Promised backed by actual policies
One evening several years ago I was walking across the Chicago River in downtown Chicago with an out-of-town houseguest. The river meandered under the old steel bridges, past the skyscrapers glinting in the sunset, out toward the white yachts drifting on the dusky lake.
"Wow," she said. "I didn't even know this place was here."
That's one thing I'm counting on Obama's presidency to do for Chicago—show the world this city's here. Let more people come see the astonishing place we live.
But I also hope Obama keeps his sights on the Chicago he originally came here to help, the poor neighborhoods that many of us who live here rarely see.

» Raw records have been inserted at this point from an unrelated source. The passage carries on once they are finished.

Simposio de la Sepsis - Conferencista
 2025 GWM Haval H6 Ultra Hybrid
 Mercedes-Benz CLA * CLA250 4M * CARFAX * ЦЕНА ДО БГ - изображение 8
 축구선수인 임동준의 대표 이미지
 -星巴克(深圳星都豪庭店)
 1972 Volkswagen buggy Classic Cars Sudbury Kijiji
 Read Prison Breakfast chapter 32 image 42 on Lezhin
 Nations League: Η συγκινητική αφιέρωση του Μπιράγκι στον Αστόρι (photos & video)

They're the neighborhoods where too many men get in trouble young, then wind up condemned to years in prison before they're turned back into the streets unequipped for a fruitful life.
We've been hearing that Obama's election will inspire kids, especially African-Americans and immigrants, to new dreams.
But all those President Obama posters on the classroom walls will need Obama's policies behind them.
I hope, too, that Chicago's claim on the first fusion president—a mixed-race Christian with a Muslim name—will inspire the city to more social integration.
And I hope that while he's making miracles, President Obama will ensure longer summers, shorter winters and fewer parking tickets.
Real portraits of real Chicago
Having Barack Obama in the White House won't put Chicago on the map. It's already there. The problem is the number of school kids unable to find it.
But let's be realistic about what any president can do for his hometown.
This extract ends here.